Chapitre 30
Quelques jours après leur arrivée dans ce pays de montagne, ils tombèrent sur une côte qui s’étendait en diagonale du sud-ouest au nord-est, un rivage d’une grandeur monumentale : des ravins profonds et majestueux, des pics de glace élancés – des fjords.
Deux jours encore ils escaladèrent et grimpèrent rocs et glaciers, rendus muets par un tel étalage de beauté.
— Arthur ! s’écria soudain Ford.
C’était dans l’après-midi du second jour. Arthur était assis sur une haute falaise et contemplait la mer démontée qui venait s’écraser contre les promontoires déchiquetés.
— Arthur ! s’écria Ford de nouveau.
Arthur regarda dans la direction d’où provenait la voix, lointaine, portée par le vent.
Ford était parti examiner un glacier et Arthur le découvrit accroupi au pied d’un mur compact de glace bleue. Il avait l’air tout excité et leva les yeux pour croiser le regard d’Arthur.
— Regarde, mais regarde un peu !
Arthur regarda. Et vit un mur compact de glace bleue.
— Oui. C’est un glacier. J’en ai déjà vu.
— Non, dit Ford. Tu l’as regardé sans le voir. Regarde un peu mieux.
Et Ford lui indiqua un point au cœur du bloc de glace.
Arthur scruta la glace – et n’y discerna que de vagues ombres.
— Recule-toi, insista Ford. Regarde encore.

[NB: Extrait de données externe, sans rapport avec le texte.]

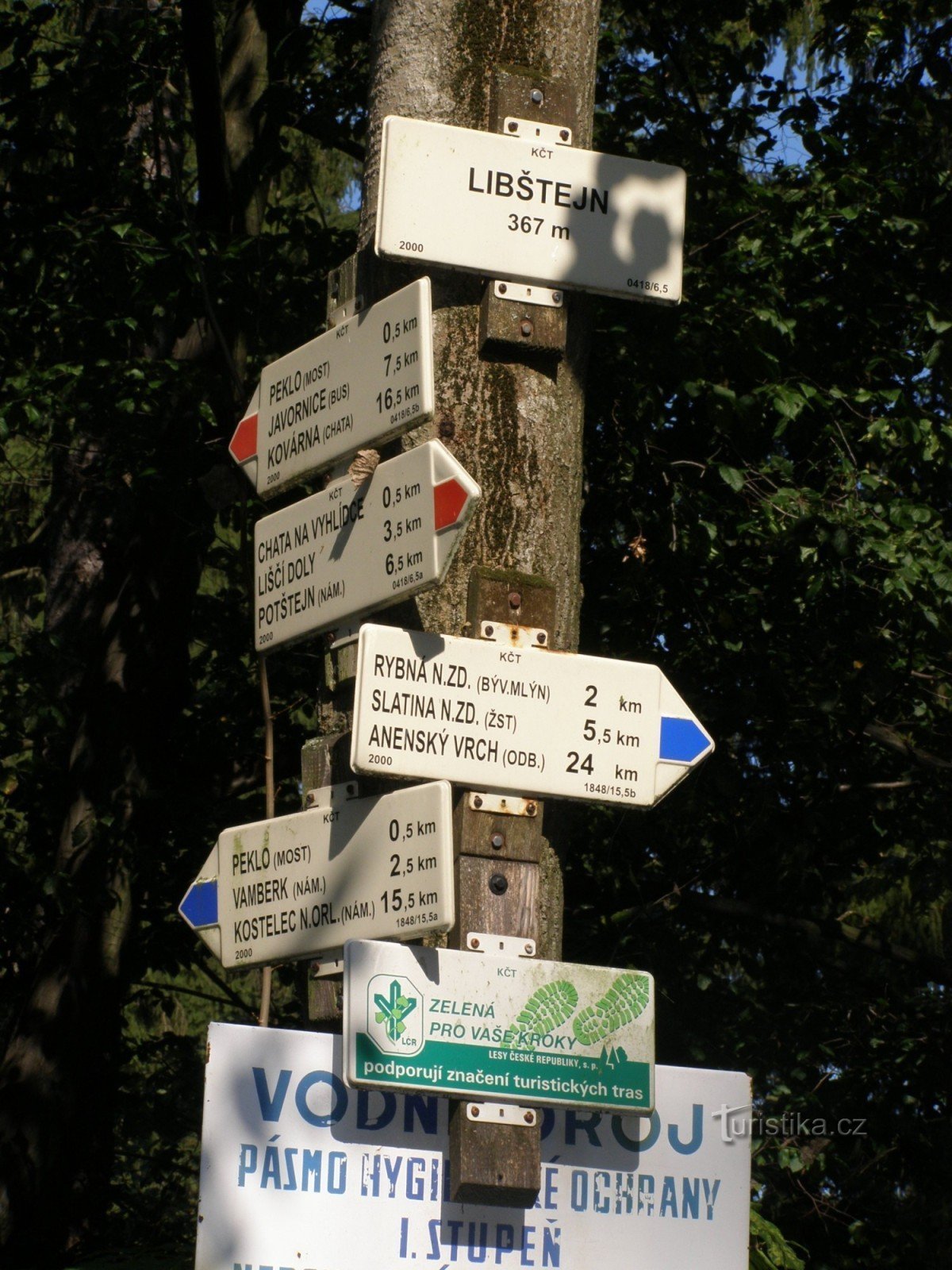 encrucijada turística Libštejn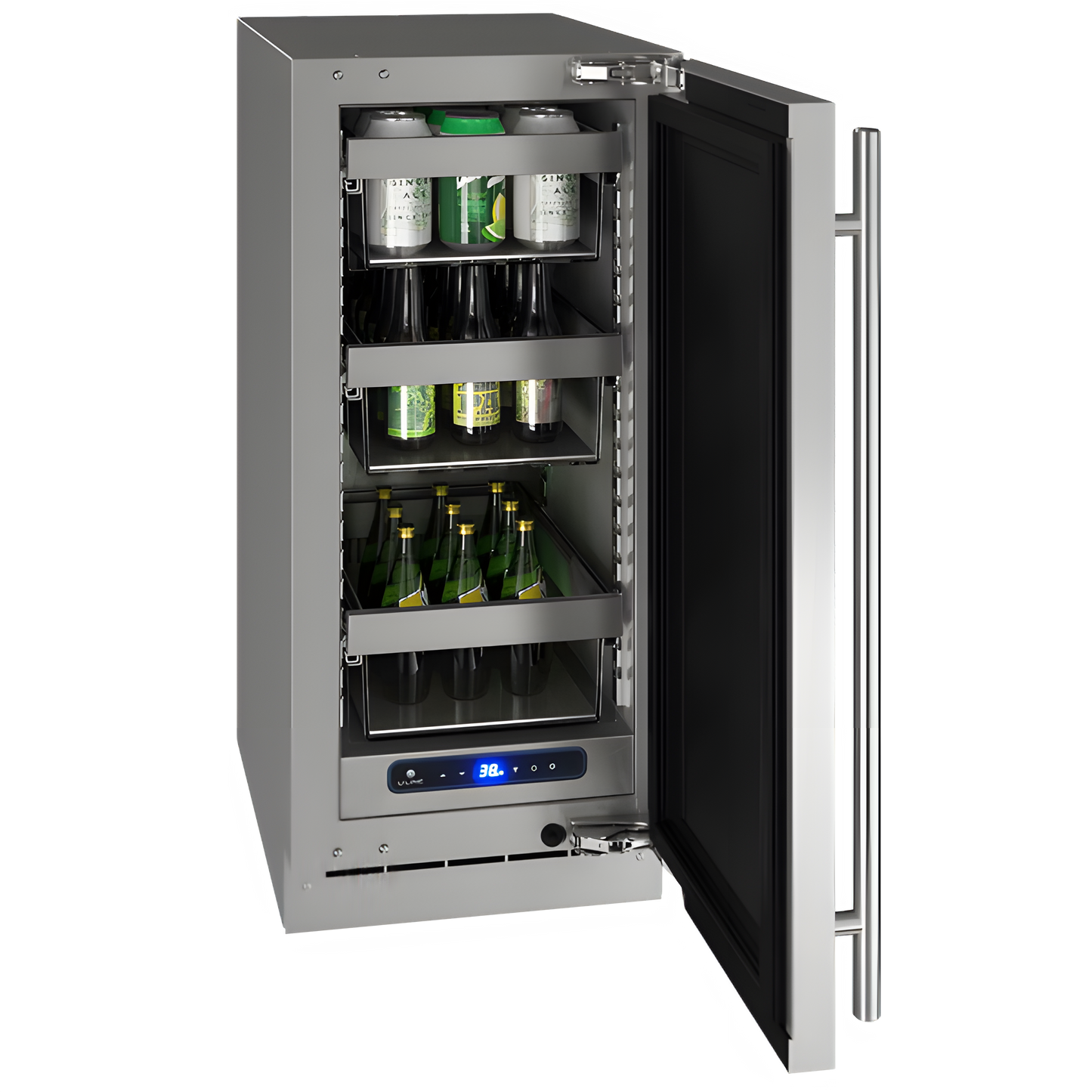 U-Line - 15" 5 Class Wine Refrigerator - HWC515 - UHWC515-SG01A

Arthur se recula et regarda encore.
— Non », dit-il, et il haussa les épaules. « Que suis-je censé chercher ?
Et brusquement, il vit.
— T’as vu ?
Il avait vu.
Sa bouche s’entrouvrit pour parler mais son cerveau jugea qu’il n’avait encore rien à dire et la boucla de nouveau. Puis son cerveau dut affronter le problème soulevé par ce que les yeux étaient en train de transmettre mais, ce faisant, dut relâcher son contrôle sur la bouche – qui s’empressa de béer de nouveau. Cherchant une fois encore à refermer la mâchoire, le cerveau perdit les commandes de la main gauche qui se mit dès lors à divaguer sans but. L’espace d’une seconde, le cerveau essaya de rattraper la main gauche sans pour autant abandonner la bouche tout en essayant simultanément de réfléchir à ce qui était enseveli dans la glace – raison sans doute pour laquelle les jambes se dérobèrent sous Arthur qui s’effondra donc paisiblement sur le sol.
À l’origine de tout ce bouleversement nerveux, il y avait un réseau d’ombres dans la glace, enfoui à quelque quarante-cinq centimètres sous la surface. Vu sous le bon angle, ce réseau formait les lettres, hautes de près d’un mètre, d’un alphabet non terrien ; et, à l’intention de ceux qui, comme Arthur, ignoraient le Magrathéen, il y avait au-dessus des lettres le dessin d’un visage inscrit dans la glace.
C’était un visage âgé, mince et distingué, rongé par les soucis mais empreint de douceur.
C’était le visage de l’homme qui avait remporté un prix pour la conception de la côte sur laquelle ils se trouvaient : une côte dont ils connaissaient le nom désormais.